* ABOUT THIS TASK *
Each line in the material below must be transcribed exactly; no picture belongs in the copy.

* INFORMATION SUPPLIED *
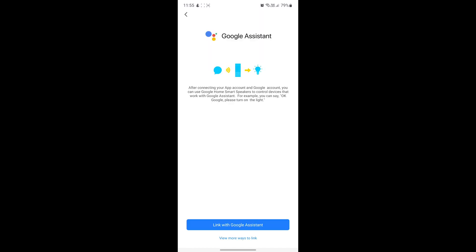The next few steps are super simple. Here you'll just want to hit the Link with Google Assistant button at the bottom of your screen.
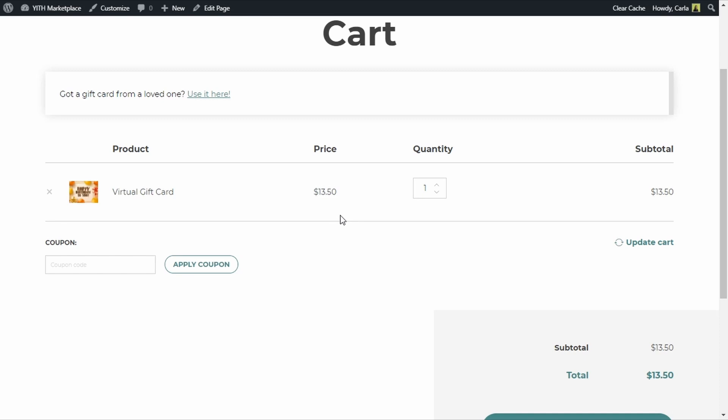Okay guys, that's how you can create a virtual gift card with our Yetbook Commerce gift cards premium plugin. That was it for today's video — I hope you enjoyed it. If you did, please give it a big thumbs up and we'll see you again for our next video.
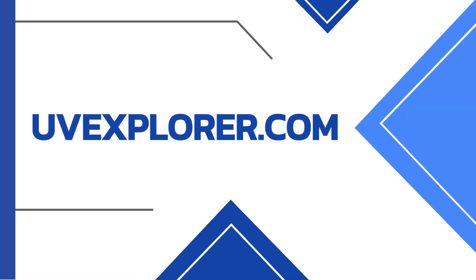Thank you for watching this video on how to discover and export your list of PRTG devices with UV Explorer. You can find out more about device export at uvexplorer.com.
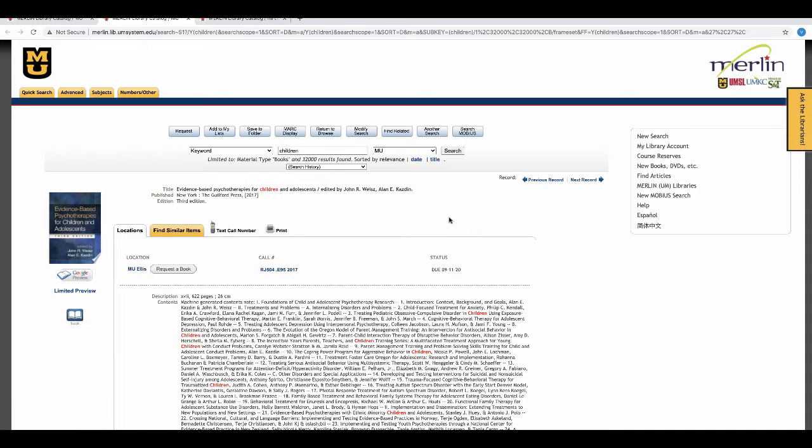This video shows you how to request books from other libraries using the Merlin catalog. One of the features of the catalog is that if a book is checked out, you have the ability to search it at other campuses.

* WRITTEN ANSWER *
The next few steps are super simple. Here you'll just want to hit the Link with Google Assistant button at the bottom of your screen.
Okay guys, that's how you can create a virtual gift card with our Yetbook Commerce gift cards premium plugin. That was it for today's video — I hope you enjoyed it. If you did, please give it a big thumbs up and we'll see you again for our next video.
Thank you for watching this video on how to discover and export your list of PRTG devices with UV Explorer. You can find out more about device export at uvexplorer.com.
This video shows you how to request books from other libraries using the Merlin catalog. One of the features of the catalog is that if a book is checked out, you have the ability to search it at other campuses.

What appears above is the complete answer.